EXERCISE GOAL – Could you restate every entry word for word, leaving the pictures out?

------ RECORDED DATA

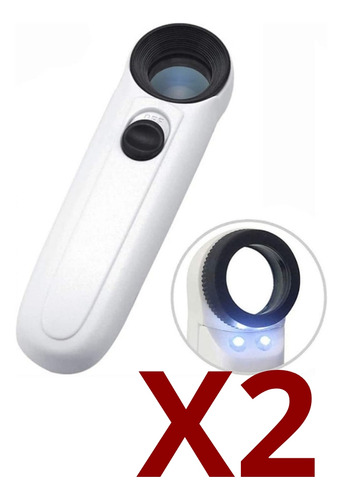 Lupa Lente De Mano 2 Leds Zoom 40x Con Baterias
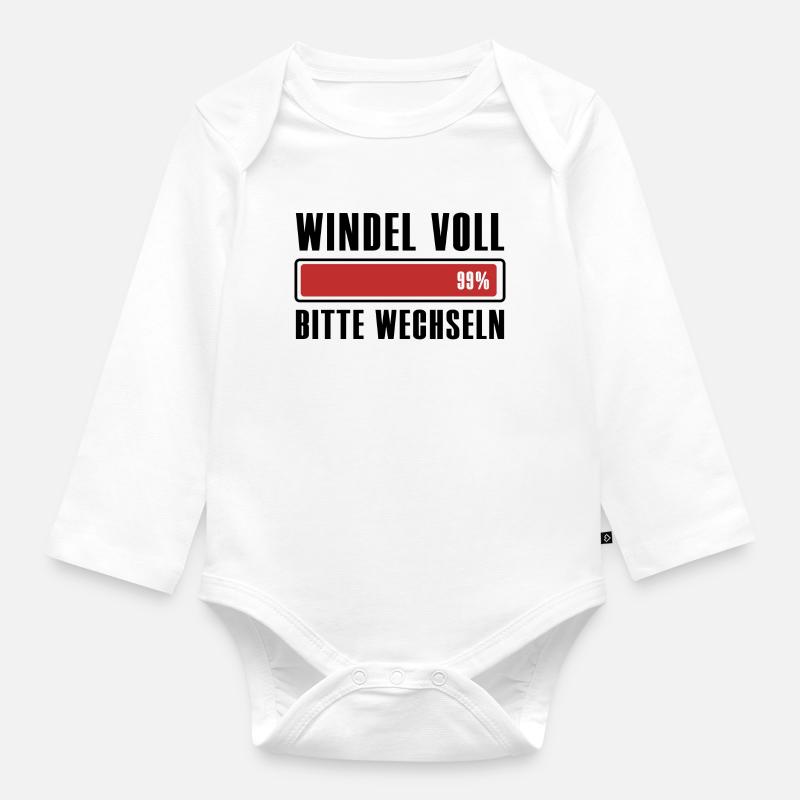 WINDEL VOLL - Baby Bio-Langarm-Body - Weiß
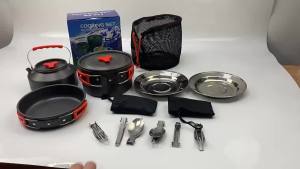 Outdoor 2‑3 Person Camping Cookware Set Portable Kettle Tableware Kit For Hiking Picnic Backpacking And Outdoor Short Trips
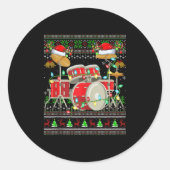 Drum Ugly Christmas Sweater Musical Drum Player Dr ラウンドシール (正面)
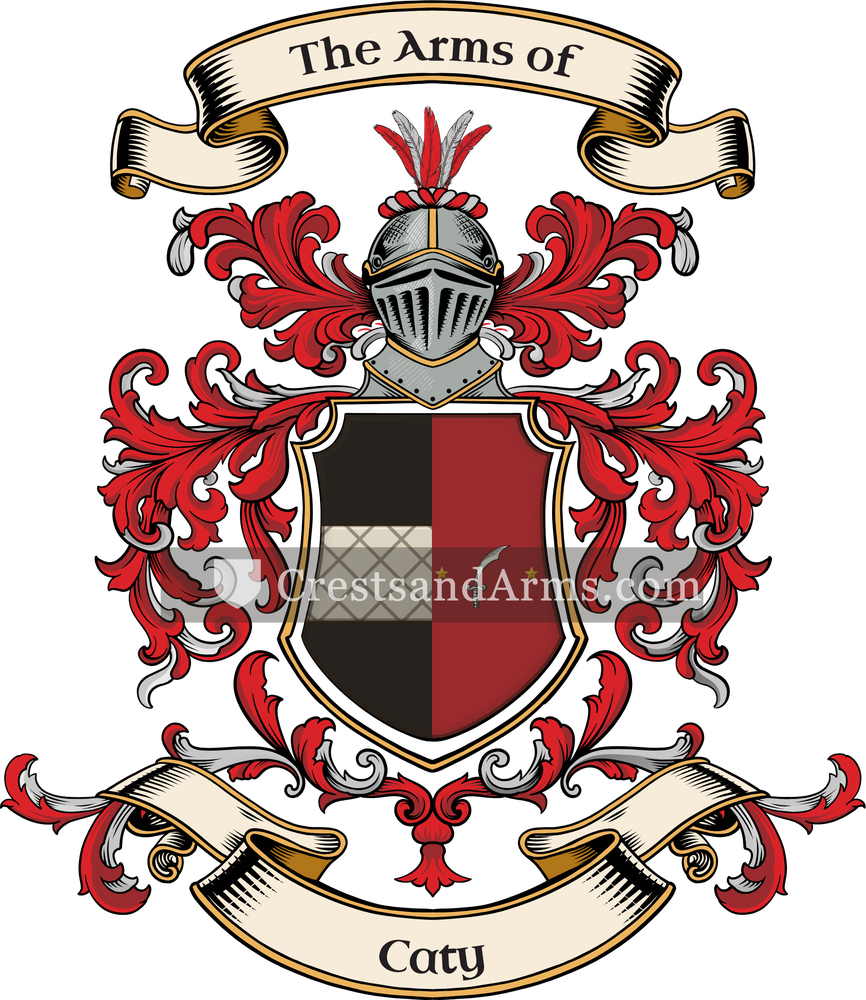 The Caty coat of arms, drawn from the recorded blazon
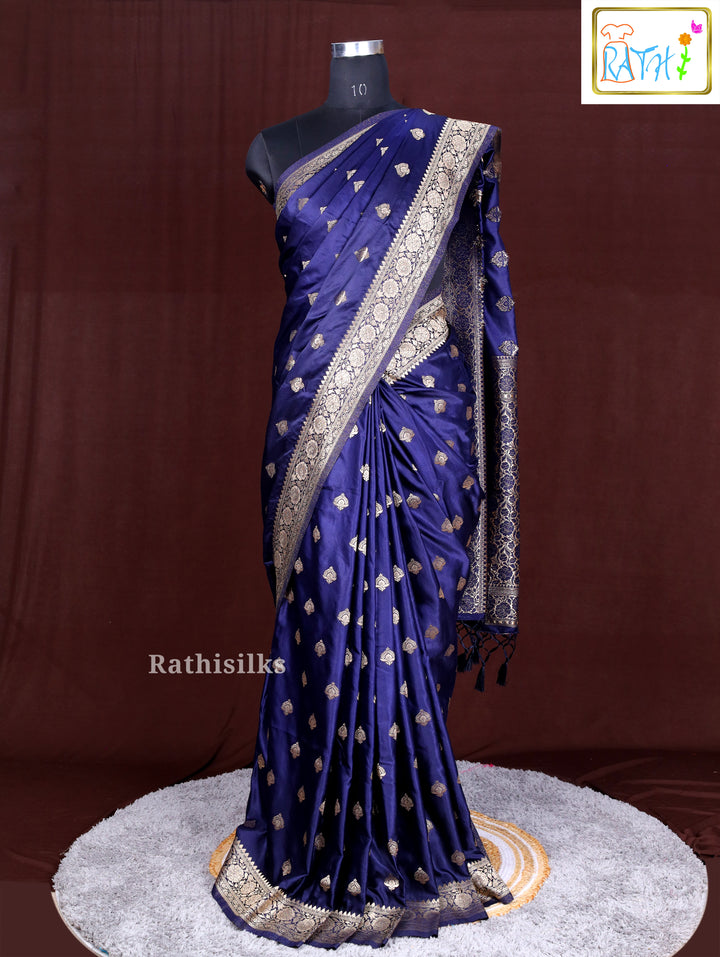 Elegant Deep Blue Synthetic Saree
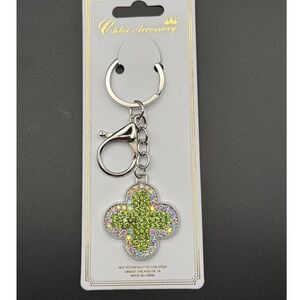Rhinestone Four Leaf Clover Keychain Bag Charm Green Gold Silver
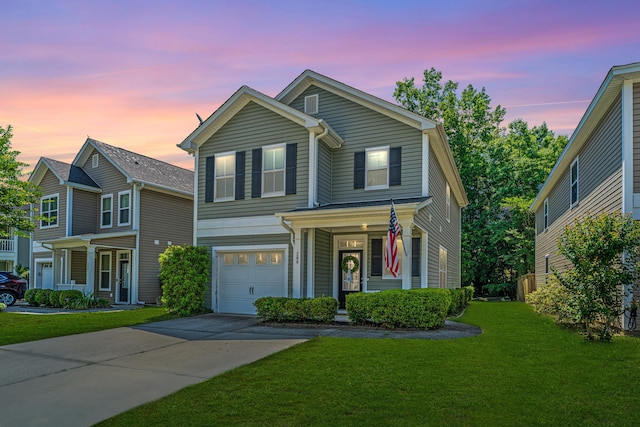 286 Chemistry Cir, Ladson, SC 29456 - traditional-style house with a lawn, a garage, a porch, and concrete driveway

------------

EXERCISE RESULT –
 Lupa Lente De Mano 2 Leds Zoom 40x Con Baterias
 WINDEL VOLL - Baby Bio-Langarm-Body - Weiß
 Outdoor 2‑3 Person Camping Cookware Set Portable Kettle Tableware Kit For Hiking Picnic Backpacking And Outdoor Short Trips
 Drum Ugly Christmas Sweater Musical Drum Player Dr ラウンドシール (正面)
 The Caty coat of arms, drawn from the recorded blazon
 Elegant Deep Blue Synthetic Saree
Rhinestone Four Leaf Clover Keychain Bag Charm Green Gold Silver
 286 Chemistry Cir, Ladson, SC 29456 - traditional-style house with a lawn, a garage, a porch, and concrete driveway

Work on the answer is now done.